_TASK BRIEF:_ Print every one of the records verbatim, omitting nothing.

_RECORDS SUPPLIED:_
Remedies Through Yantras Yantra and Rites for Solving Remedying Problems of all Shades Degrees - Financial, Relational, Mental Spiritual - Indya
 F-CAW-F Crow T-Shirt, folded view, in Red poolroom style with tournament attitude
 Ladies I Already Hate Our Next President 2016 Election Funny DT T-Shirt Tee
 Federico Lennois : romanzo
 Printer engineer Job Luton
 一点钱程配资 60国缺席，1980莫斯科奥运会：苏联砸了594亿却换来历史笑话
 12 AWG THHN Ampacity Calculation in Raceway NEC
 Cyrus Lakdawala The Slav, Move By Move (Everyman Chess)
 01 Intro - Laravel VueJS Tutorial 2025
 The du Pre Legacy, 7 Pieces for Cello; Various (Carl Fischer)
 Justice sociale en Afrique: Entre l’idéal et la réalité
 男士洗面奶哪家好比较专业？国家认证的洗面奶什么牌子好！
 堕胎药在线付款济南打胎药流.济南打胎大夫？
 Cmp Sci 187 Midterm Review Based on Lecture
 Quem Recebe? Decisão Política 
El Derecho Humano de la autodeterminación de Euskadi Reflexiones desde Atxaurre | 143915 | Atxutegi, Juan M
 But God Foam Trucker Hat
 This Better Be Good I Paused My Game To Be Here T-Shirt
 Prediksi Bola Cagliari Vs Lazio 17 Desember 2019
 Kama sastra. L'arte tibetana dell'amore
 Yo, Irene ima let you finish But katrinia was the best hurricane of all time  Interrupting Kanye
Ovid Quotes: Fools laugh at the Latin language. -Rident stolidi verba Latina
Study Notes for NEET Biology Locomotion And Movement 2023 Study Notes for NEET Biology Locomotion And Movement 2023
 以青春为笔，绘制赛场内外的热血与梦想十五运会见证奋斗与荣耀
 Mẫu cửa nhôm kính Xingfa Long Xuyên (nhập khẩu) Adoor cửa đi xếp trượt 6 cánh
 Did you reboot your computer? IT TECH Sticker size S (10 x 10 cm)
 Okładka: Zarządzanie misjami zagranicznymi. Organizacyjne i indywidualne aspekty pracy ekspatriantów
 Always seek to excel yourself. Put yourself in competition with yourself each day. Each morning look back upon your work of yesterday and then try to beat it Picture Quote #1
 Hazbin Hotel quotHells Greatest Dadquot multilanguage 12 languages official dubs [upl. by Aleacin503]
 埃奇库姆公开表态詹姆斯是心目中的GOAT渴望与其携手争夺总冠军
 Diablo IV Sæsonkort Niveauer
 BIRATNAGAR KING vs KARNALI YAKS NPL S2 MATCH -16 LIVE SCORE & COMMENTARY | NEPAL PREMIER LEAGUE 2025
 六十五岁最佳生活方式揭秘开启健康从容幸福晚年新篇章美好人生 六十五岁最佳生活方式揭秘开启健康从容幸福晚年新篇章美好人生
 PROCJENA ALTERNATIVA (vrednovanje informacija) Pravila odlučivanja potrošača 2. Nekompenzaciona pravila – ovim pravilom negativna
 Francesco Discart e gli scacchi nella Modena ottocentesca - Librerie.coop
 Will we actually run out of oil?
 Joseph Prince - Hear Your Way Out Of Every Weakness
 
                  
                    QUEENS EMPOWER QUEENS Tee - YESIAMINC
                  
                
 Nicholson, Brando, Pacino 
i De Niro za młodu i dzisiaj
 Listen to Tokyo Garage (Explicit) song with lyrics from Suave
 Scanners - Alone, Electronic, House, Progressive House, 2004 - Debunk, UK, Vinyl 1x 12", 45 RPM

_ANSWER TO THE EXERCISE:_
Remedies Through Yantras Yantra and Rites for Solving Remedying Problems of all Shades Degrees - Financial, Relational, Mental Spiritual - Indya
 F-CAW-F Crow T-Shirt, folded view, in Red poolroom style with tournament attitude
 Ladies I Already Hate Our Next President 2016 Election Funny DT T-Shirt Tee
 Federico Lennois : romanzo
 Printer engineer Job Luton
 一点钱程配资 60国缺席，1980莫斯科奥运会：苏联砸了594亿却换来历史笑话
 12 AWG THHN Ampacity Calculation in Raceway NEC
 Cyrus Lakdawala The Slav, Move By Move (Everyman Chess)
 01 Intro - Laravel VueJS Tutorial 2025
 The du Pre Legacy, 7 Pieces for Cello; Various (Carl Fischer)
 Justice sociale en Afrique: Entre l’idéal et la réalité
 男士洗面奶哪家好比较专业？国家认证的洗面奶什么牌子好！
 堕胎药在线付款济南打胎药流.济南打胎大夫？
 Cmp Sci 187 Midterm Review Based on Lecture
 Quem Recebe? Decisão Política 
El Derecho Humano de la autodeterminación de Euskadi Reflexiones desde Atxaurre | 143915 | Atxutegi, Juan M
 But God Foam Trucker Hat
 This Better Be Good I Paused My Game To Be Here T-Shirt
 Prediksi Bola Cagliari Vs Lazio 17 Desember 2019
 Kama sastra. L'arte tibetana dell'amore
 Yo, Irene ima let you finish But katrinia was the best hurricane of all time  Interrupting Kanye
Ovid Quotes: Fools laugh at the Latin language. -Rident stolidi verba Latina
Study Notes for NEET Biology Locomotion And Movement 2023 Study Notes for NEET Biology Locomotion And Movement 2023
 以青春为笔，绘制赛场内外的热血与梦想十五运会见证奋斗与荣耀
 Mẫu cửa nhôm kính Xingfa Long Xuyên (nhập khẩu) Adoor cửa đi xếp trượt 6 cánh
 Did you reboot your computer? IT TECH Sticker size S (10 x 10 cm)
 Okładka: Zarządzanie misjami zagranicznymi. Organizacyjne i indywidualne aspekty pracy ekspatriantów
 Always seek to excel yourself. Put yourself in competition with yourself each day. Each morning look back upon your work of yesterday and then try to beat it Picture Quote #1
 Hazbin Hotel quotHells Greatest Dadquot multilanguage 12 languages official dubs [upl. by Aleacin503]
 埃奇库姆公开表态詹姆斯是心目中的GOAT渴望与其携手争夺总冠军
 Diablo IV Sæsonkort Niveauer
 BIRATNAGAR KING vs KARNALI YAKS NPL S2 MATCH -16 LIVE SCORE & COMMENTARY | NEPAL PREMIER LEAGUE 2025
 六十五岁最佳生活方式揭秘开启健康从容幸福晚年新篇章美好人生 六十五岁最佳生活方式揭秘开启健康从容幸福晚年新篇章美好人生
 PROCJENA ALTERNATIVA (vrednovanje informacija) Pravila odlučivanja potrošača 2. Nekompenzaciona pravila – ovim pravilom negativna
 Francesco Discart e gli scacchi nella Modena ottocentesca - Librerie.coop
 Will we actually run out of oil?
 Joseph Prince - Hear Your Way Out Of Every Weakness
 
                  
                    QUEENS EMPOWER QUEENS Tee - YESIAMINC
                  
                
 Nicholson, Brando, Pacino 
i De Niro za młodu i dzisiaj
 Listen to Tokyo Garage (Explicit) song with lyrics from Suave
 Scanners - Alone, Electronic, House, Progressive House, 2004 - Debunk, UK, Vinyl 1x 12", 45 RPM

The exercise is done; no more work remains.